- Problem requirements: Pictures excluded, copy word for word the lines from the one holding "Property photo for" through the last line below.

═════ Records shown ═════

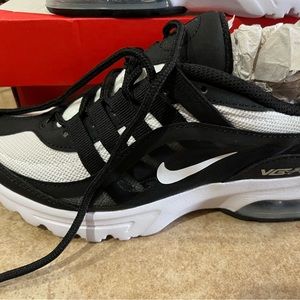 Woman’s 5.5 Nike Air Max VG-R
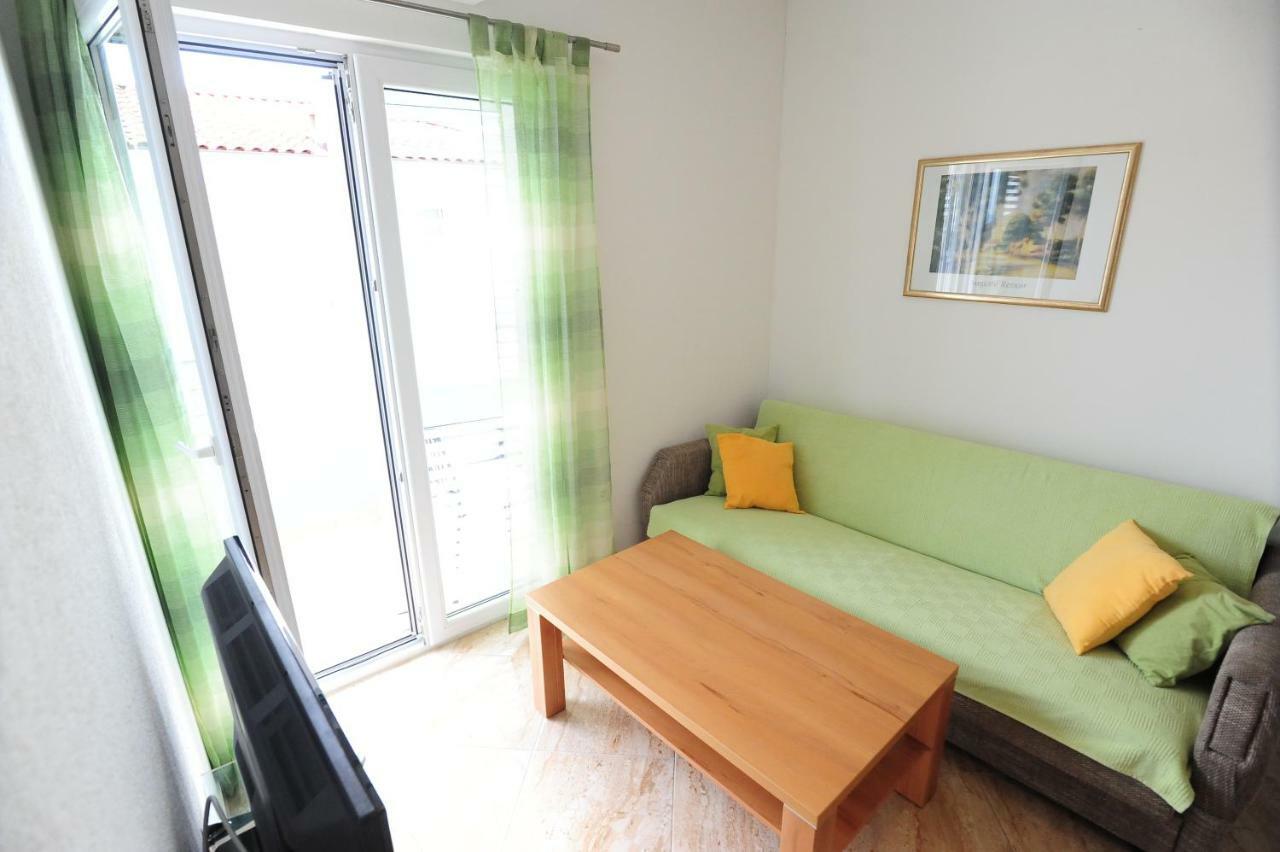 Apartments Knezevic ماكارسكا المظهر الخارجي الصورة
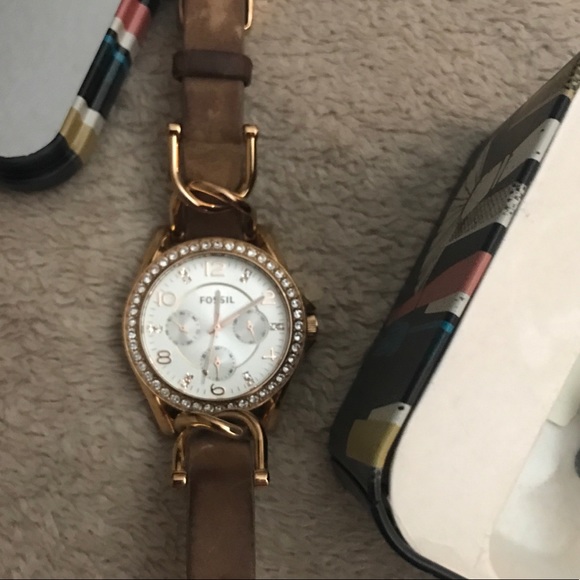 Fossil women’s watch - Picture 2 of 3
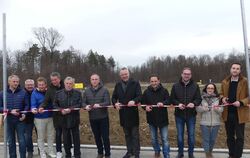Ab nächste Woche baut Aldi im neuen Gewerbegebiet Trieb nach der Eröffnung durch: Gemeinderäte Gunther Kleemann (von links), Sie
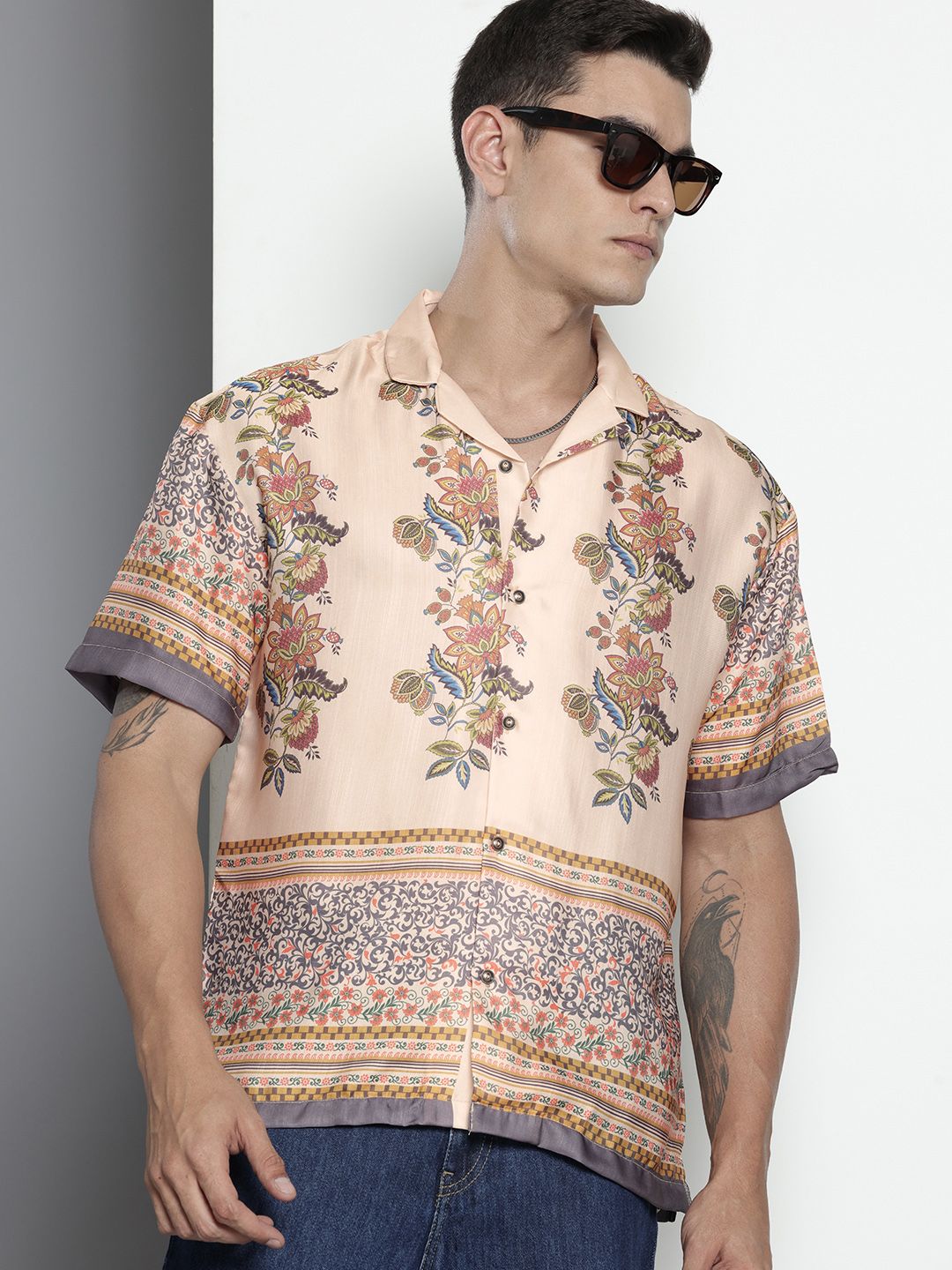 Men's Beige Relaxed Fit Indie Resort Wear Shirt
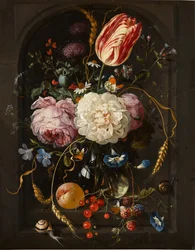 Stillleben von Blumen in einer Glasvase mit Insekten und Früchten in einer Steinnische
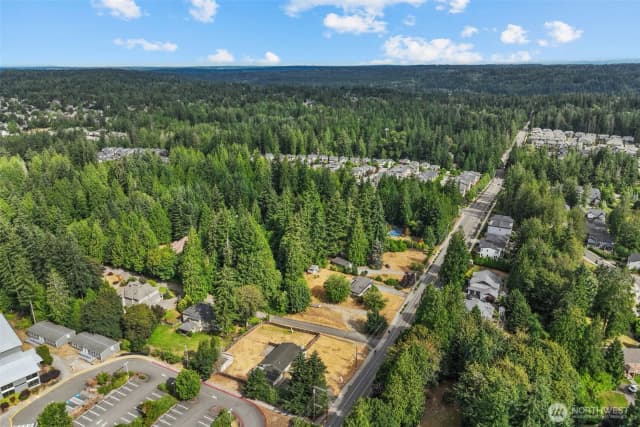 Property photo for 1215 244th Avenue Ne, Sammamish photo 4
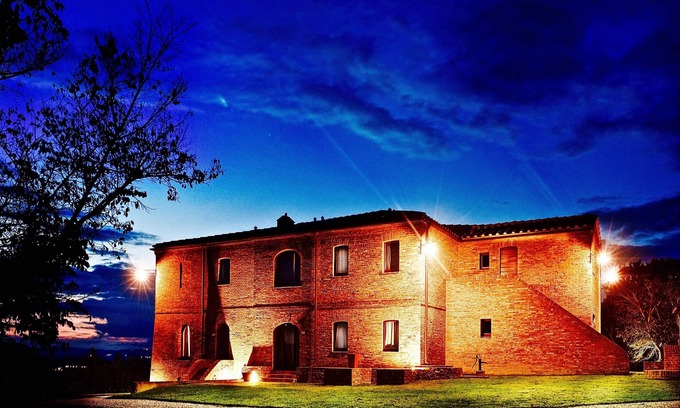 Cristena Villa | Agricola Neci: Tuscan Rural Luxury with Housekeeping, Infinity Pool and a Lake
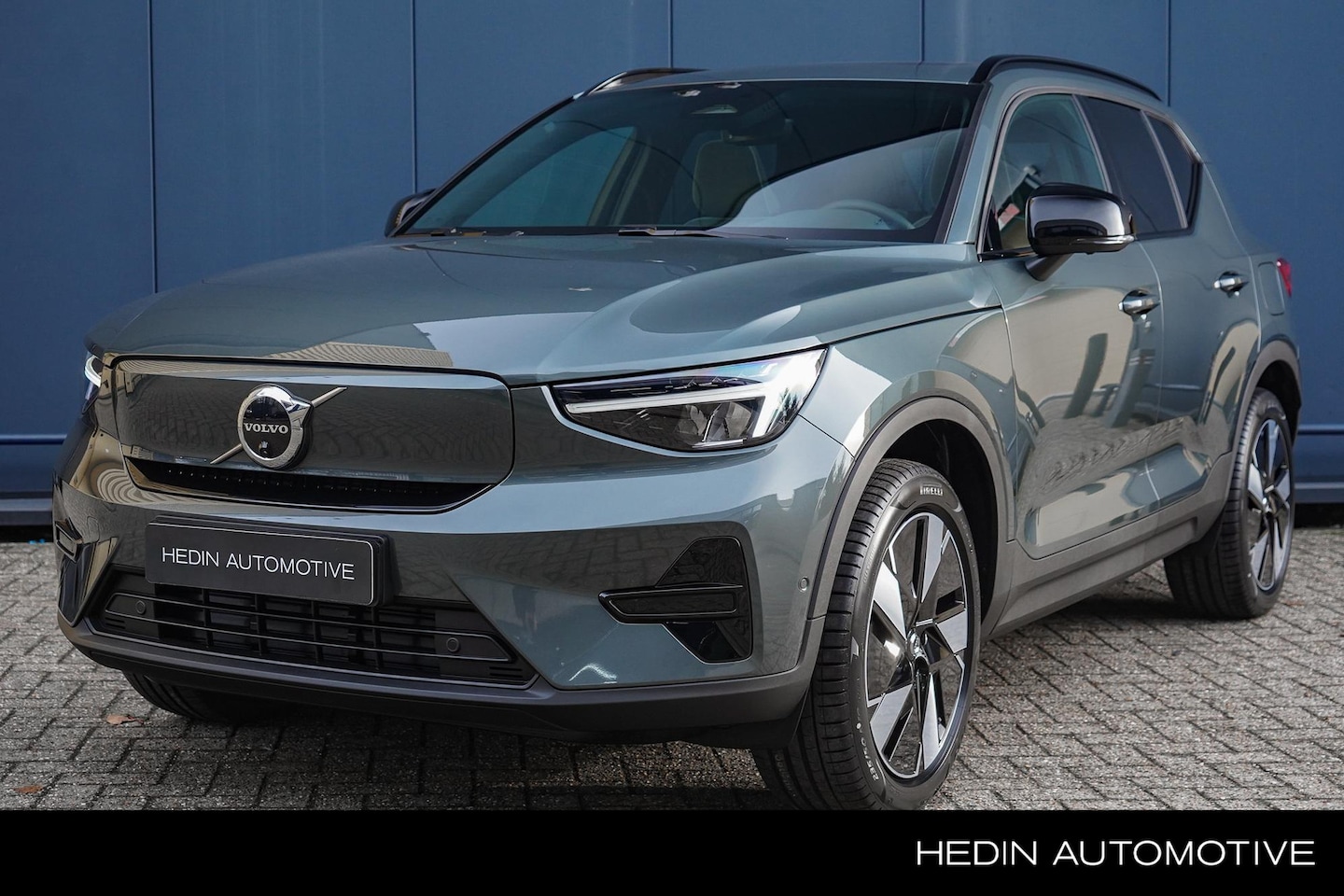 Volvo EX40 - Single Motor Extended Range Plus Europa | 360 camera | Panoramadak | Pilot Assist | Elektr - AutoWereld.nl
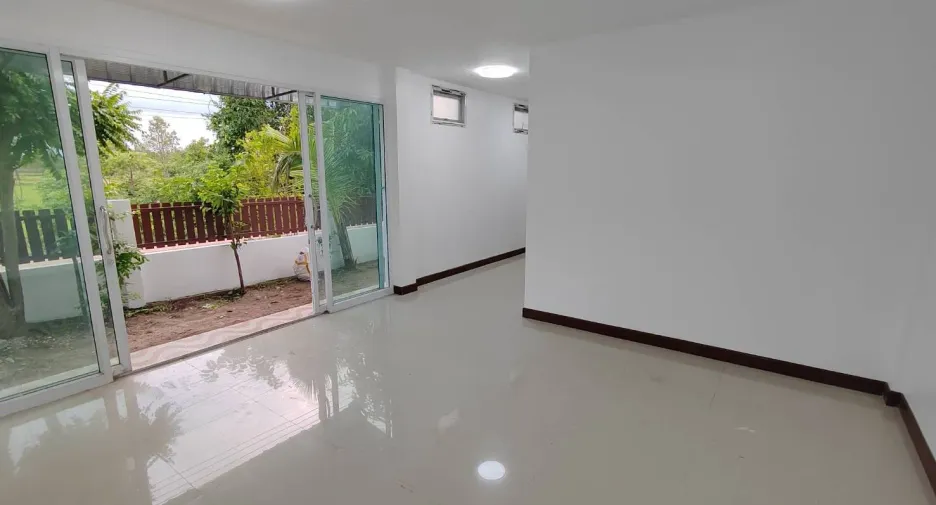 For sale 3 bedrooms house in Mueang Surin, Surin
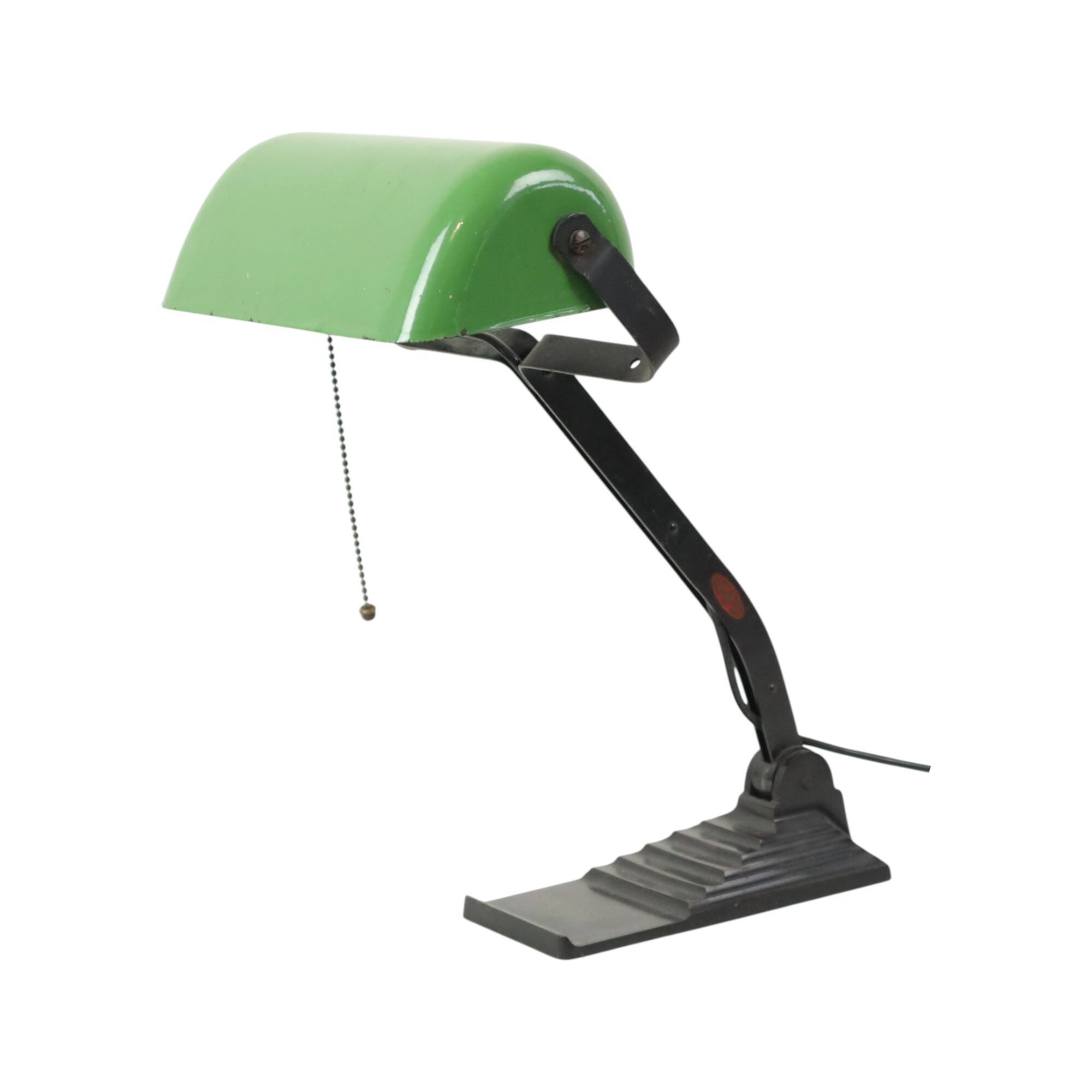 Lampe de bureau Bauhaus Notary Lamp Erpe Modèle 52 Émail vert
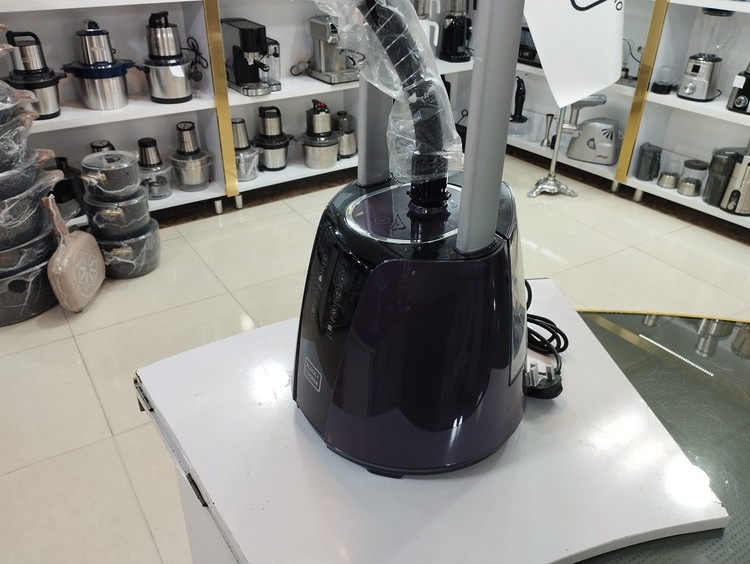 اتو بخار ایستاده بلک کوکر 2200 وات پنل لمسی مدل BPC224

═════

- The completed task:
 Property photo for 1215 244th Avenue Ne, Sammamish photo 4
 Cristena Villa | Agricola Neci: Tuscan Rural Luxury with Housekeeping, Infinity Pool and a Lake
 Volvo EX40 - Single Motor Extended Range Plus Europa | 360 camera | Panoramadak | Pilot Assist | Elektr - AutoWereld.nl
 For sale 3 bedrooms house in Mueang Surin, Surin
 Lampe de bureau Bauhaus Notary Lamp Erpe Modèle 52 Émail vert
 اتو بخار ایستاده بلک کوکر 2200 وات پنل لمسی مدل BPC224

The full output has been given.